Data for the task —
== Segment start ==

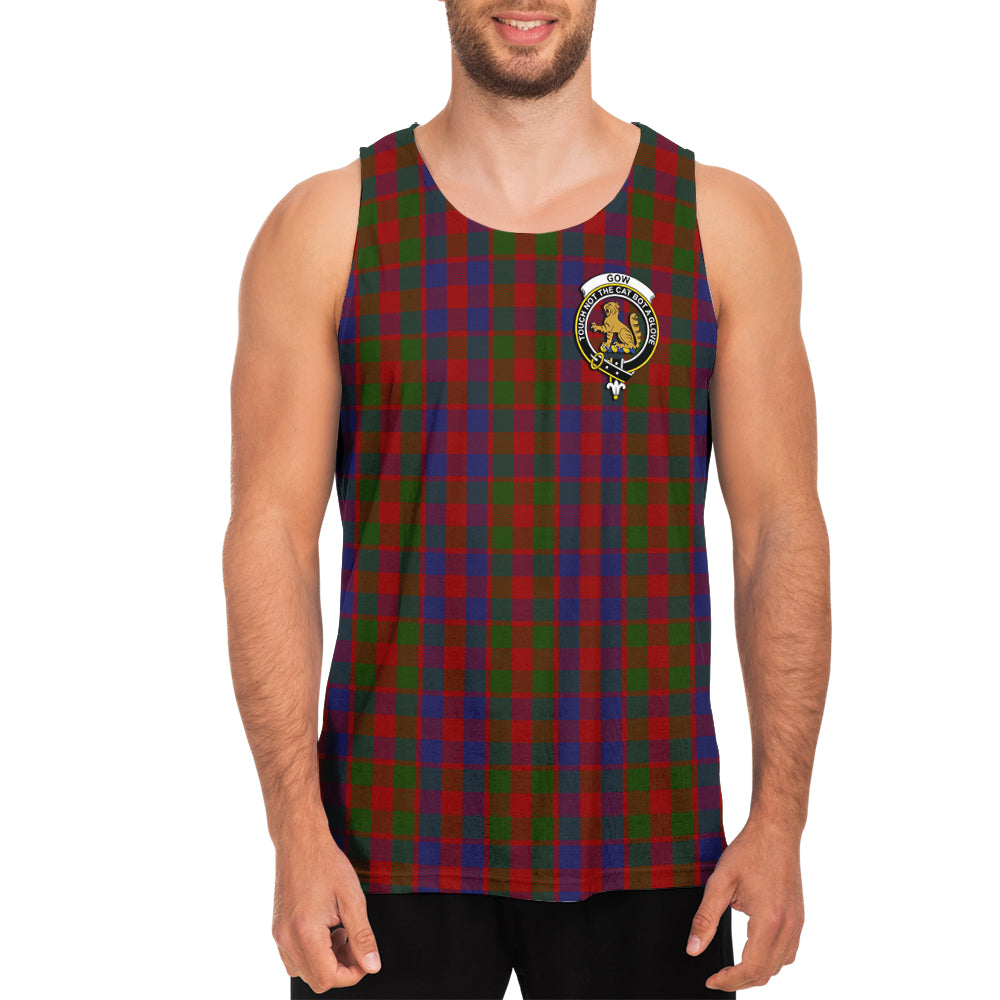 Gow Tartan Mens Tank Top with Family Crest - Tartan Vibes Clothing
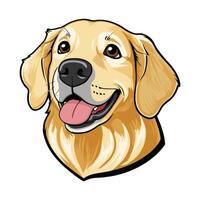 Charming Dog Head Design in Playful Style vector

== Segment end ==
== Segment start ==

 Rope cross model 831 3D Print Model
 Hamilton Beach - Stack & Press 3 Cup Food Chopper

== Segment end ==

What is needed — A clean copy is needed of the lines in the listing above from the one with "Gow Tartan Mens" through the one with "Charming Dog Head", exact in every word and free of pictures.

Answer space —
 Gow Tartan Mens Tank Top with Family Crest - Tartan Vibes Clothing
 Charming Dog Head Design in Playful Style vector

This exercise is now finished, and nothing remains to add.